This year the Develop Awards will present its inaugural Vanguard Award. The criteria were for someone who has ‘blazed a trail in games development that will inspire others to follow them’. All of which perfectly describes industry veteran Jade Raymond.
Raymond started out making online games during the early days of the internet, she worked at Maxis alongside Will Wright, survived the closure of a $100m start-up and was instrumental in the development of early Assassin’s Creed titles at Ubisoft. Now, she heads up EA’s Motive studio in Montreal, creating a new IP and working on Star Wars games. An impressive career, albeit one with humble beginnings.
“I realised I wanted to be in video games when I was about twelve,” Raymond tells us. “As a kid you get asked a lot what you want to be when you grow up and I was trying to think of something that mixed math and art. I was playing a bunch of Tekken one summer and then it dawned on me that someone gets to make these games and that would probably be a good mix of maths and art. After that, I set my mind on it.”

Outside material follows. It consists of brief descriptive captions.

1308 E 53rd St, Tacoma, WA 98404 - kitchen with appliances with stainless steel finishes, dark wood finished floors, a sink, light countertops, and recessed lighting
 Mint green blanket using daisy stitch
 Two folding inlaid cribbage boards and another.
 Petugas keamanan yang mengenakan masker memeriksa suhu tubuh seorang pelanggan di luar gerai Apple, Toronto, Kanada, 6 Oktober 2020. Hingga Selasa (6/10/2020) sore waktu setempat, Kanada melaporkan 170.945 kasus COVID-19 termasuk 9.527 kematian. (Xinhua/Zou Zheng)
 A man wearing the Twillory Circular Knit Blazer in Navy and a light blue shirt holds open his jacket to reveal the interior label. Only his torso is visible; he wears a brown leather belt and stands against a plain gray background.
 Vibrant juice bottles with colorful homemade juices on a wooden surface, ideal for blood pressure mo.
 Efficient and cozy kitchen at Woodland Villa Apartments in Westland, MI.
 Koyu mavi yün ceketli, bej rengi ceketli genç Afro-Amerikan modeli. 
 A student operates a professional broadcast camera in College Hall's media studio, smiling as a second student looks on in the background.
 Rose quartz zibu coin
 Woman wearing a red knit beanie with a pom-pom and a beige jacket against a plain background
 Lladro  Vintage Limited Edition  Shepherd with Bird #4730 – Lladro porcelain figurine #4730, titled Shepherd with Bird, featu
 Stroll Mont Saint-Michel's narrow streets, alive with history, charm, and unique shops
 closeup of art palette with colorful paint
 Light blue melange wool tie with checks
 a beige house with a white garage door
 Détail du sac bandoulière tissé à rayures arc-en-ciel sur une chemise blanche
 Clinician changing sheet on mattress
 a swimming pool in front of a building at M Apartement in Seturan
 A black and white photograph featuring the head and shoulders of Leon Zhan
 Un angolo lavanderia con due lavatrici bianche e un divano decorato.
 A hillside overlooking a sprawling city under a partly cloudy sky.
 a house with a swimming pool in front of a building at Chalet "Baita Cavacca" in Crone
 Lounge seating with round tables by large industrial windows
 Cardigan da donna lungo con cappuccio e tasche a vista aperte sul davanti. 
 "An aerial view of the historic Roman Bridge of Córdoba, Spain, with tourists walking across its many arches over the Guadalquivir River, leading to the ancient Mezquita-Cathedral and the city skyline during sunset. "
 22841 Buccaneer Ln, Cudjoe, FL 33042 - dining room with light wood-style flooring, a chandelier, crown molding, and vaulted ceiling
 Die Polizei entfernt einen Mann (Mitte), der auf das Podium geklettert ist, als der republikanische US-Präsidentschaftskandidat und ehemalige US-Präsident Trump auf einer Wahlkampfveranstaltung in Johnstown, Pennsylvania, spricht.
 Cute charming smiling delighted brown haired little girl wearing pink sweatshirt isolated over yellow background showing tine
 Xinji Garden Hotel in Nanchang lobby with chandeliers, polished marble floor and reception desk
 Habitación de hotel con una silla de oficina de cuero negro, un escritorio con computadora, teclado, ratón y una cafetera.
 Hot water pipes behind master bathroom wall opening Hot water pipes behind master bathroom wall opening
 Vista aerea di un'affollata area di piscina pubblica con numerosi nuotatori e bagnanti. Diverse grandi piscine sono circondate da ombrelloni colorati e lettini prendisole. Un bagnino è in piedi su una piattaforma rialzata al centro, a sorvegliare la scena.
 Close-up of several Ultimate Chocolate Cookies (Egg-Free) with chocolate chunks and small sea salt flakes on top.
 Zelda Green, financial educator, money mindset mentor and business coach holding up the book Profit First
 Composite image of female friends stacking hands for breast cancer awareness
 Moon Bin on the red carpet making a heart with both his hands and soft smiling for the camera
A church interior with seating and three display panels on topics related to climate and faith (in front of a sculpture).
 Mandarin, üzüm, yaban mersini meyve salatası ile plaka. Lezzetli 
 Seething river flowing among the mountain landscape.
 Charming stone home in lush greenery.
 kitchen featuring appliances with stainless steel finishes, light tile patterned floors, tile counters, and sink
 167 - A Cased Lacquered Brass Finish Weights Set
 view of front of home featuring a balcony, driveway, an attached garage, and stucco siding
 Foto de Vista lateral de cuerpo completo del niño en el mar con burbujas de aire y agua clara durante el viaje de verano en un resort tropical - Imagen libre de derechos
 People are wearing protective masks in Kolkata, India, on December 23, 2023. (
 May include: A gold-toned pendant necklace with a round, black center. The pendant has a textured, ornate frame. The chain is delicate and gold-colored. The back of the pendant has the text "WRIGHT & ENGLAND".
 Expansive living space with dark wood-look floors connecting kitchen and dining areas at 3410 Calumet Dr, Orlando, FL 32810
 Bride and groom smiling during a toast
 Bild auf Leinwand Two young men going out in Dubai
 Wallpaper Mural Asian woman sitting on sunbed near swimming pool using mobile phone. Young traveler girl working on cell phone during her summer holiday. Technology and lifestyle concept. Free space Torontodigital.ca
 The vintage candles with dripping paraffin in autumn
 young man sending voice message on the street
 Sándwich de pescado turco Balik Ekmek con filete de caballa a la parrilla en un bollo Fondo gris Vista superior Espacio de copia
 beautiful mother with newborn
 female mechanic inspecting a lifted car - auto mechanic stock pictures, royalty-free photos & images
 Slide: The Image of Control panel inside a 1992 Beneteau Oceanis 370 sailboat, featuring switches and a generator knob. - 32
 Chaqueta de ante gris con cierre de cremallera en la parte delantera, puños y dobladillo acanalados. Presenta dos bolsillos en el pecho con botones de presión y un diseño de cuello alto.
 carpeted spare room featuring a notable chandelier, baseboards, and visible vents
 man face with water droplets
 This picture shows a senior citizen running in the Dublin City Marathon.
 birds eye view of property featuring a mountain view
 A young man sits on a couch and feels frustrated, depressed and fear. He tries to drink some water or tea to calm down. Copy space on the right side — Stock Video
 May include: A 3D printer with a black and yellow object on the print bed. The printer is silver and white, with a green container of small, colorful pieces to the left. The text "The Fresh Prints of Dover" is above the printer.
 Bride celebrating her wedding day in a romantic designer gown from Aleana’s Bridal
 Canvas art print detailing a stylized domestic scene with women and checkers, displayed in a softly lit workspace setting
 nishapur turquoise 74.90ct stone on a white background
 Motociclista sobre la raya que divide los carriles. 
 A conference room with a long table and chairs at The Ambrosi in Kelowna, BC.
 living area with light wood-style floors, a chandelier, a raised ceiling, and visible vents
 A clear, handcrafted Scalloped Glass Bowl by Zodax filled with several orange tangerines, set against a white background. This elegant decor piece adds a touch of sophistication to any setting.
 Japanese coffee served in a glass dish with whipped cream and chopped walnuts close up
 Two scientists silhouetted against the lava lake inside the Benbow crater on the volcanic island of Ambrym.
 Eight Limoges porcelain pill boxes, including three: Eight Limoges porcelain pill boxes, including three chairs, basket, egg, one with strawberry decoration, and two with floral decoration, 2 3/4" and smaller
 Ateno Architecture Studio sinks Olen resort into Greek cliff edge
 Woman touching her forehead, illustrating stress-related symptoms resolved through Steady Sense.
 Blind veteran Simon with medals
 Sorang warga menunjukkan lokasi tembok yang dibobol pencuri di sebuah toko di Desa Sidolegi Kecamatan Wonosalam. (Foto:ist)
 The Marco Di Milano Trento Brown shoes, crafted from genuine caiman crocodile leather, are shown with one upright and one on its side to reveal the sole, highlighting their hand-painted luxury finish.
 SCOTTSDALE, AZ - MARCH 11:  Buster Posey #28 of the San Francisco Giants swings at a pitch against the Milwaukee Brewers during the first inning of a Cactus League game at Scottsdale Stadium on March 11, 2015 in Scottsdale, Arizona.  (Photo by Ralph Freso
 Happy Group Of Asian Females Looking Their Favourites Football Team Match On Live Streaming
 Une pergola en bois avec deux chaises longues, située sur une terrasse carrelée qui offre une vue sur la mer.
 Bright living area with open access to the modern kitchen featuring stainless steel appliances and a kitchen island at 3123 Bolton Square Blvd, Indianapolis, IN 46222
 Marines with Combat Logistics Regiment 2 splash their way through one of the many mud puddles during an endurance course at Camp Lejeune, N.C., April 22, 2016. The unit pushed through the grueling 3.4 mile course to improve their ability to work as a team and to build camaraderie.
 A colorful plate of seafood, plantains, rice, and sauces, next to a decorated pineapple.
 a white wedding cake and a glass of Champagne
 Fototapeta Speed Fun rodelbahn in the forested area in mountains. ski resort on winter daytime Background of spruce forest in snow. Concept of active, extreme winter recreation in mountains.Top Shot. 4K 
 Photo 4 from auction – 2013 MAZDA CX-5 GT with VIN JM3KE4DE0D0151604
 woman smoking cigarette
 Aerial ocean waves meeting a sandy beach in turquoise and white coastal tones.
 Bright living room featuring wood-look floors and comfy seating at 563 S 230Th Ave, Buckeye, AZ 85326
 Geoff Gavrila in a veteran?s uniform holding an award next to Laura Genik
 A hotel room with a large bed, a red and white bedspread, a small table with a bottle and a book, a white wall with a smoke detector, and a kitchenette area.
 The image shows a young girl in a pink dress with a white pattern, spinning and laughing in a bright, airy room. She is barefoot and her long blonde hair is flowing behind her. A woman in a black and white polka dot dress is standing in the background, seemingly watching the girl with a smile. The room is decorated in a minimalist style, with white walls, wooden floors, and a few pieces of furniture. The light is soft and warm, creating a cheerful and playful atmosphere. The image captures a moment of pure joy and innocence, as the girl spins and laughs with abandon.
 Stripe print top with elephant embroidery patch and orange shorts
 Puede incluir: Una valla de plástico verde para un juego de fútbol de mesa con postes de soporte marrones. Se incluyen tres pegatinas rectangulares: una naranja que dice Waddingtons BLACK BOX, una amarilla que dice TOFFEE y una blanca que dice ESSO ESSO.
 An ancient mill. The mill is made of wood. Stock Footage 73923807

From there Raymond focused on programming, studying for a degree in computer science at McGill University. She emerged into a job at Sony Online Entertainment, where she specialised as an online programmer at a time when monitors were still the size of carry-on luggage and modems still needed to sing to each other to connect to the Internet. That online expertise led her to Maxis and then to a start-up company which was attempting to create the Metaverse, similar to Ready Player One’s OASIS.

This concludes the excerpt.